Instructions to follow: Write each line out exactly, from the one containing "ADIDAS PERFORMANCE Παντελόνι" through the final line of the data, and keep pictures out of the copy.

Data in this exercise:
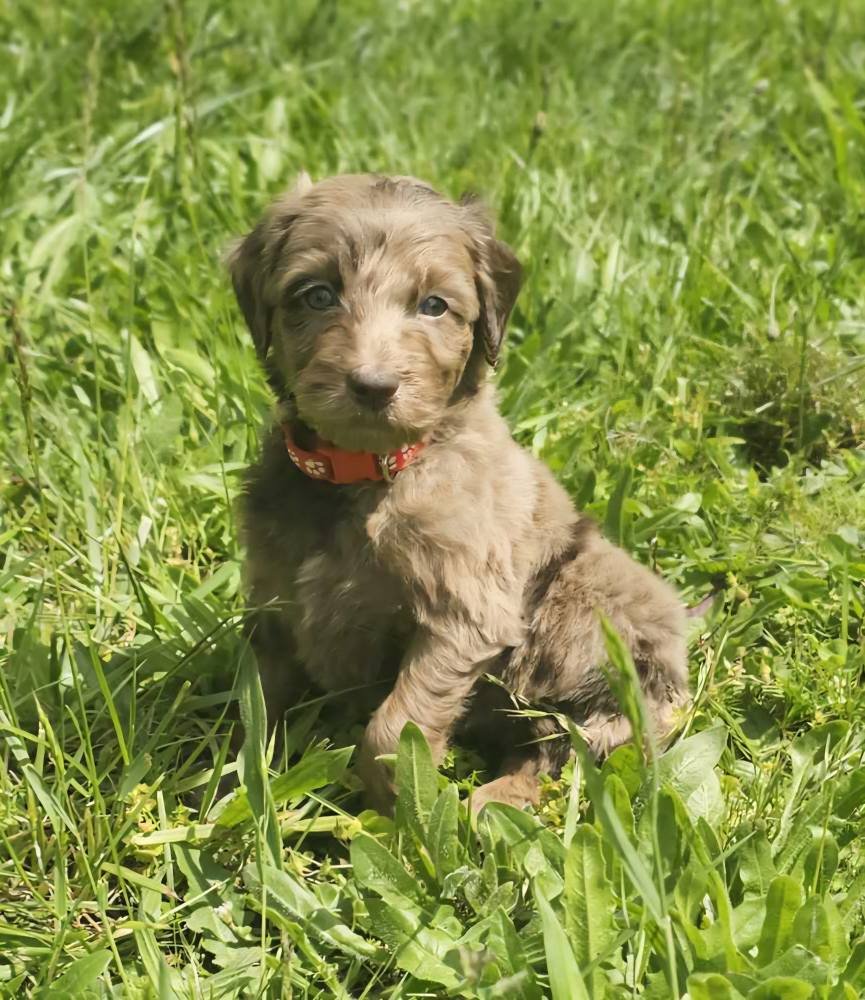 Cafe - Male Medium Goldendoodle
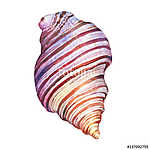 Illustrations of sea shells. Marine design. Hand drawn watercolo vászonkép, poszter vagy falikép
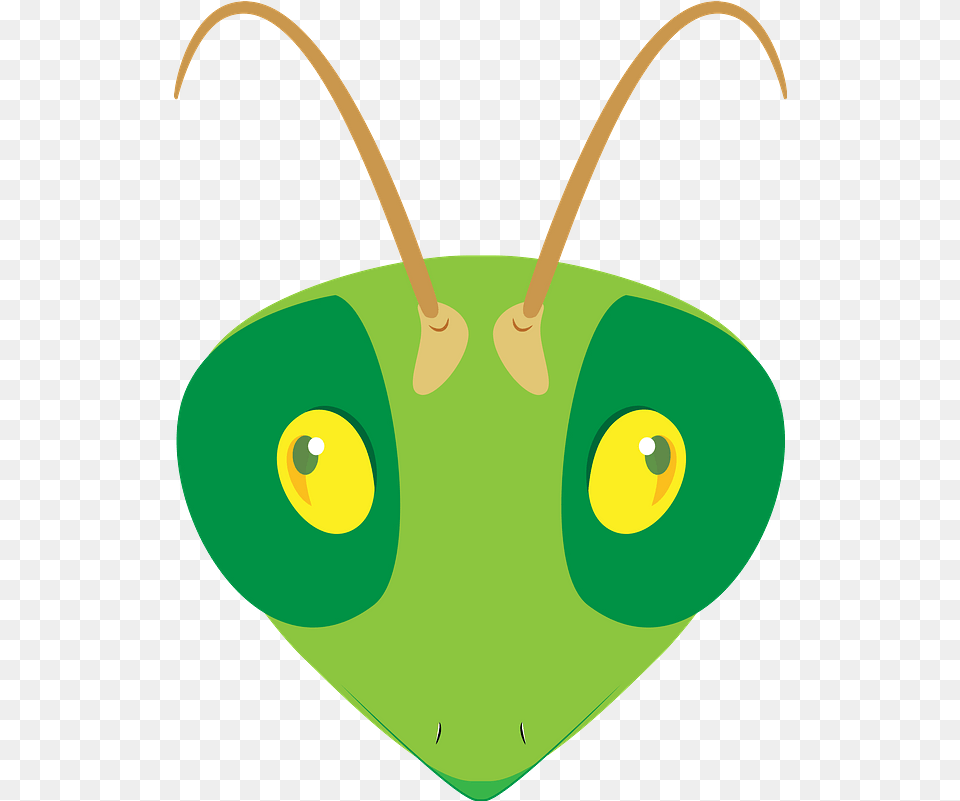 Praying Mantis Face Clipart Happy, Animal, Accessories, Jewelry, Necklace Free Png Download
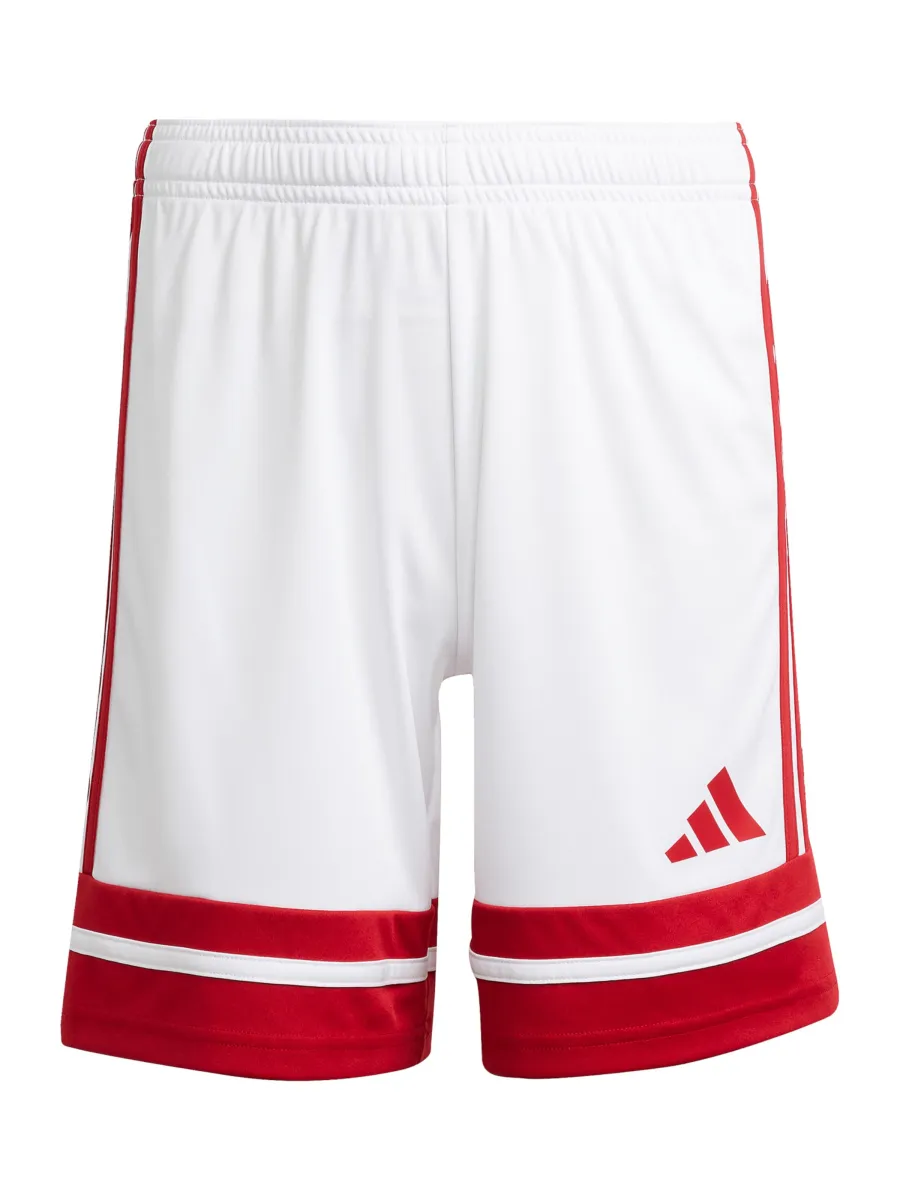 ADIDAS PERFORMANCE Παντελόνι φόρμας 'Squadra 25'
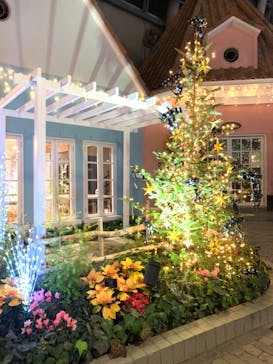 安城産業文化公園デンパークに投稿された画像（2021/12/30）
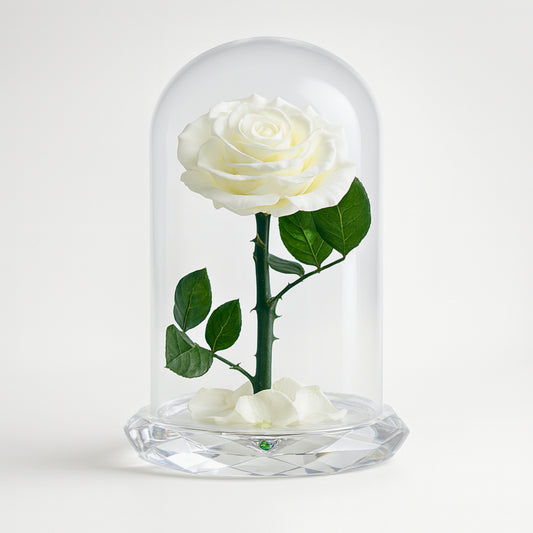 ⁠Forever Rose White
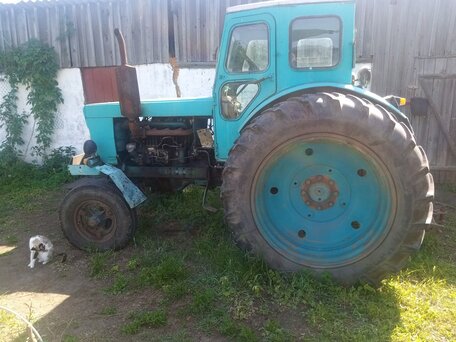 1988 ЛТЗ Т-40АМ, зелёный, 300000 рублей, вид 4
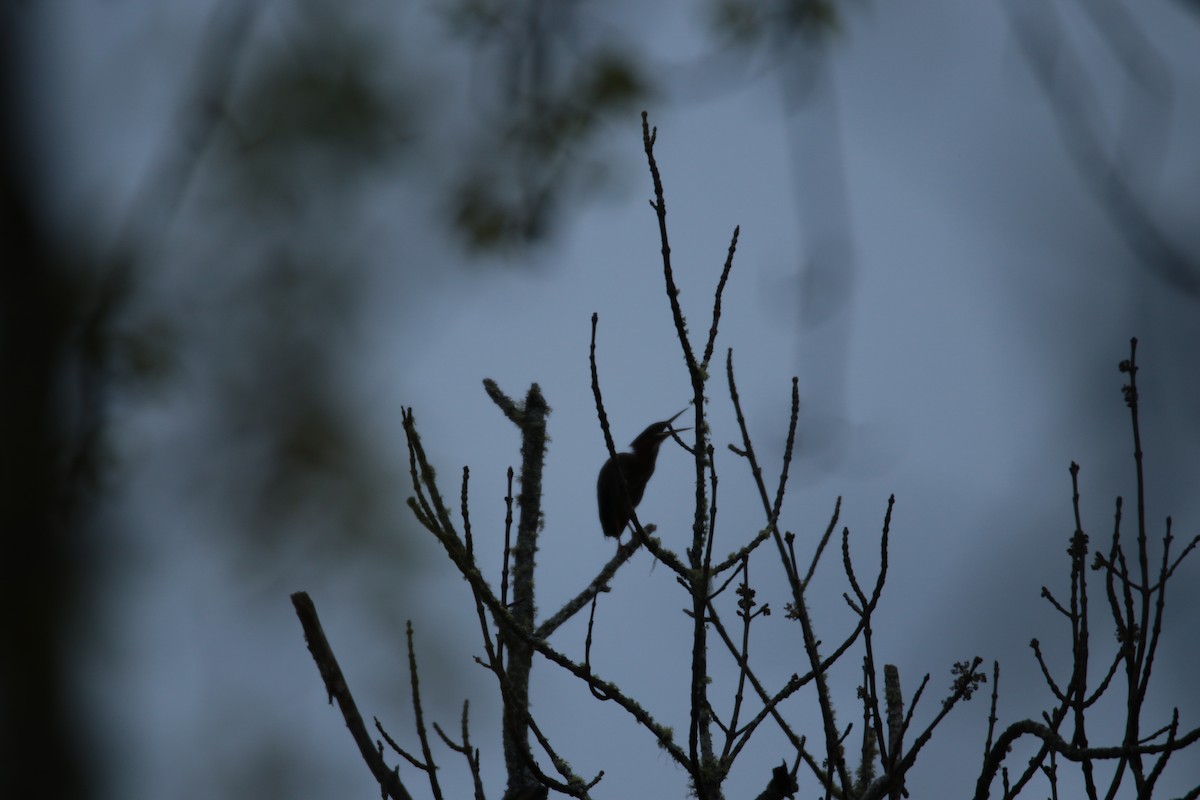 Green Heron - ML619397618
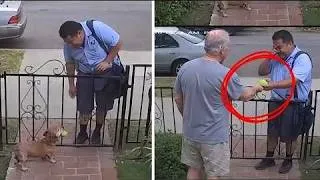 Thumbnail: For 5 years dog greets mailman with tennis ball, until one day his owner came out holding it instead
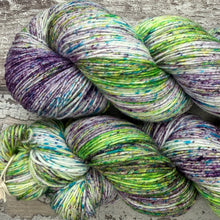 Load image into Gallery viewer, View of the Pool, merino nylon sock yarn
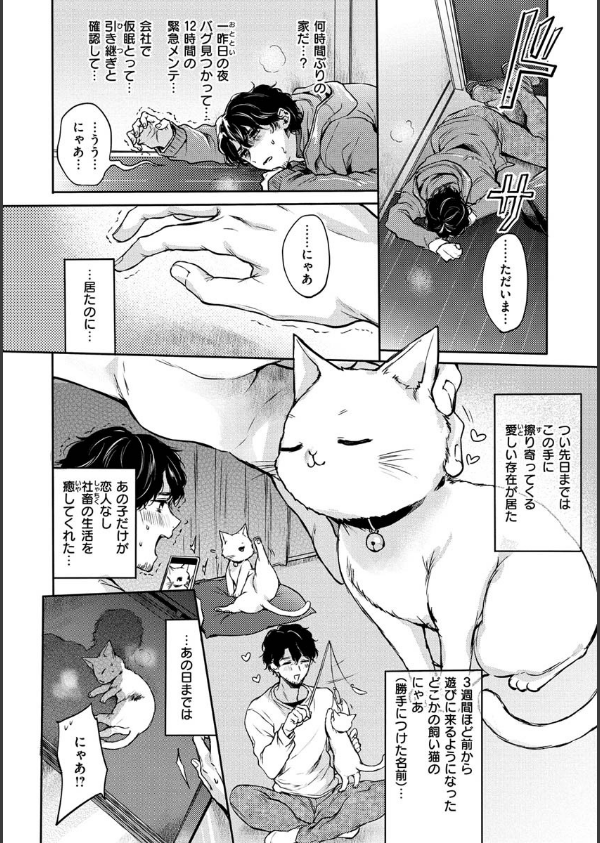 夢現ロマンティック_22枚目の画像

Answer to this task:
 ADIDAS PERFORMANCE Παντελόνι φόρμας 'Squadra 25'
 安城産業文化公園デンパークに投稿された画像（2021/12/30）
 ⁠Forever Rose White
 1988 ЛТЗ Т-40АМ, зелёный, 300000 рублей, вид 4
 Green Heron - ML619397618
 Thumbnail: For 5 years dog greets mailman with tennis ball, until one day his owner came out holding it instead
 Load image into Gallery viewer, View of the Pool, merino nylon sock yarn
 夢現ロマンティック_22枚目の画像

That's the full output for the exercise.